# Sierra Sound or Phoenix Sound



## Terry Jackson (Jan 4, 2008)

Does anyone know if Sierra sound units #831027 and #831046 might still be available for sale somewhere for a USA SD70? If Not is the Phoenix sound unit the next choice?

Terry Jackson


----------



## Nicholas Savatgy (Dec 17, 2008)

I have Phoenix sound in my sd-70s OOOOOOOOO so SWEET........


----------



## Dan Pierce (Jan 2, 2008)

If using DCC, there are decoders for under $200 that come with sound and engine control of motor, smoke and lights. 

Phoenix sound units are programmable and sound great, but you only get sound, no motor/smoke or light control. 

Look at the specs for the Zimo 690S, programmable and lots of features for light control. 
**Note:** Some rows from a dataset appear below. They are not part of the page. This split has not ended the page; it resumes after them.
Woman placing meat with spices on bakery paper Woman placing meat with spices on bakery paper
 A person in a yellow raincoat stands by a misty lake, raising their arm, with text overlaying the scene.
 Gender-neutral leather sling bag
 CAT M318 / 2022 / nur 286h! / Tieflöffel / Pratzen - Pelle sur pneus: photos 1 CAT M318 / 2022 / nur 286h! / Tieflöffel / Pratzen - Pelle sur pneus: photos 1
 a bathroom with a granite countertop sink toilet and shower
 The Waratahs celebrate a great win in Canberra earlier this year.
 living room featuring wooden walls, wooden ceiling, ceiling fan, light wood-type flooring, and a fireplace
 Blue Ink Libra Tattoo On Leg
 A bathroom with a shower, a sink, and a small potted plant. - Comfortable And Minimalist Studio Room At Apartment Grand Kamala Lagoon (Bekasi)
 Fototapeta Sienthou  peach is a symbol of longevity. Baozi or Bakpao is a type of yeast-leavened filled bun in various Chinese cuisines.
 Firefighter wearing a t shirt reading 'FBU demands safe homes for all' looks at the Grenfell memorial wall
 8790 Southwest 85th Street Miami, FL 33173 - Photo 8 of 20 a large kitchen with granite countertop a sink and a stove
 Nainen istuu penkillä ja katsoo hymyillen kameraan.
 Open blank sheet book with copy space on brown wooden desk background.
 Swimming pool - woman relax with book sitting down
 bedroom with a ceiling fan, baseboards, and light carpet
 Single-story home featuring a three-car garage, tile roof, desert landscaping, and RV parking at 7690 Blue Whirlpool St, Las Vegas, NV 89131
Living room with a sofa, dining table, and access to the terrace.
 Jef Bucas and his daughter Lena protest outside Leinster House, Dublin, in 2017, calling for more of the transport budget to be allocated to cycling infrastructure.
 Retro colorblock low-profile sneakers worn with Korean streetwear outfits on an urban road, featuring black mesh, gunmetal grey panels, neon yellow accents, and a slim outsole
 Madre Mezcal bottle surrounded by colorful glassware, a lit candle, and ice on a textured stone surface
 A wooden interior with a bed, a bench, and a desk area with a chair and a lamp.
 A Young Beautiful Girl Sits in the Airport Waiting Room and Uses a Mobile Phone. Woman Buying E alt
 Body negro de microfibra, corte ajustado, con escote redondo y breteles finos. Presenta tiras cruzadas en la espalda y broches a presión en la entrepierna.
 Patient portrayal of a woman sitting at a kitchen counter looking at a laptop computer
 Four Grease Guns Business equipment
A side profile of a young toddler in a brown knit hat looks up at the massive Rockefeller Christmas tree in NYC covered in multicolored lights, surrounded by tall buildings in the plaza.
MRC has a unit, but it is not programmable and is rated at 21 volts max. Many supplies are 24 volts or higher for our garden railways and that would stress that unit, or make it burn up/fail.


----------



## Ward H (Jan 5, 2008)

Terry, 
I hear the SS cards are getting scarce. I did see a few on E-bay lately. Not sure if they are the sound you want. 
As Dan said, the Phoenix sound units are programmable. That allows you to put the board in your SD-70 and later you can move it to a BigBoy steam loco. Just re program it and you are all set. And they work well with PWC.


----------



## Stan Cedarleaf (Jan 2, 2008)

Hi Terry.... I just sent you an a private message...


----------